California is widely celebrated as the fount of technical, cultural and political innovation. Now we seem primed to outdo even ourselves, creating a new kind of socialism that, in the end, more resembles feudalism than social democracy.

The new consensus is being pushed by, among others, hedge-fund-billionaire-turned-green-patriarch Tom Steyer. The financier now insists that, to reverse our worsening inequality, we must double down on environmental and land-use regulation, and make up for it by boosting subsidies for the struggling poor and middle class. This new progressive synthesis promises not upward mobility and independence, but rather the prospect of turning most Californians into either tax slaves or dependent serfs.

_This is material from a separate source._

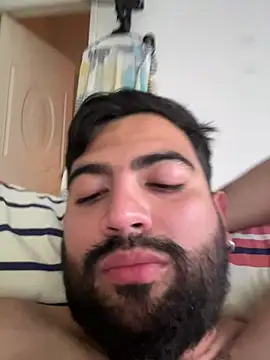 Snapshot of Arleymounthblack chatting on February 21, 9:27 pm Arleymounthblack online show from February 21, 9:27 pm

California’s progressive regime of severe land-use controls has helped to make the state among the most unaffordable in the nation, driving homeownership rates to the lowest levels since the 1940s. It has also spurred a steady hegira of middle-aged, middle-class families — the kind of tax-burdened people Gov. Jerry Brown now denounces as “freeloaders” — from the state. They may have access to smartphones and virtual reality, but the increasingly propertyless masses seem destined to live in the kind of cramped conditions that their parents and grandparents had escaped decades earlier. . . .

The oligarchs of the Bay Area have a problem: They must square their progressive worldview with their enormous wealth. They certainly are not socialists in the traditional sense. They see their riches not as a result of class advantages, but rather as reflective of their meritocratic superiority. As former TechCrunch reporter Gregory Ferenstein has observed, they embrace massive inequality as both a given and a logical outcome of the new economy.

The nerd estate is definitely not stupid, and like rulers everywhere, they worry about a revolt of the masses, and even the unionization of their companies. Their gambit is to expand the welfare state to keep the hoi polloi in line. Many, including Mark Zuckerberg, now favor an income stipend that could prevent mass homelessness and malnutrition.

How about stricter antitrust enforcement, instead?